Using the records that appear below, write out exactly the lines from the one with "Icon Pillow Covers" through the one with "Digital Food Coupons: A", keeping both end lines.

SUPPLIED INFORMATION below:

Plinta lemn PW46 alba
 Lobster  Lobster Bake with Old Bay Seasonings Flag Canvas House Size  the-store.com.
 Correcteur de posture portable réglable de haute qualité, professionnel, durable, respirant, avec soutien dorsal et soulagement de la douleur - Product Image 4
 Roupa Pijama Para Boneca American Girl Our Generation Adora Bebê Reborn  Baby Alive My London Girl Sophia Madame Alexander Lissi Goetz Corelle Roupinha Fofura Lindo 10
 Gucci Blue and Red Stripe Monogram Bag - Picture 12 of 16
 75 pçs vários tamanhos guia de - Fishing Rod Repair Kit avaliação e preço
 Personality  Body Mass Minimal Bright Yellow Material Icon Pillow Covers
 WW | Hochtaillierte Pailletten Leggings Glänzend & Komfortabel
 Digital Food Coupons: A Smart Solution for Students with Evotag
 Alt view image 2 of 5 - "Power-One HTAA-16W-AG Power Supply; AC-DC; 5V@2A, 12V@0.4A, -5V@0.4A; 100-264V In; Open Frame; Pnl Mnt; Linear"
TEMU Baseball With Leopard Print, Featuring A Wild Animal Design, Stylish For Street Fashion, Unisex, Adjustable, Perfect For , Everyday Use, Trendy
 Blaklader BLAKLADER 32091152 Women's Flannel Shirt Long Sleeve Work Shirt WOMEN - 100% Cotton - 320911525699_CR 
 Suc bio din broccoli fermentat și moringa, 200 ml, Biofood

End of SUPPLIED INFORMATION.

## SOLUTION TO THIS EXERCISE
 Personality  Body Mass Minimal Bright Yellow Material Icon Pillow Covers
 WW | Hochtaillierte Pailletten Leggings Glänzend & Komfortabel
 Digital Food Coupons: A Smart Solution for Students with Evotag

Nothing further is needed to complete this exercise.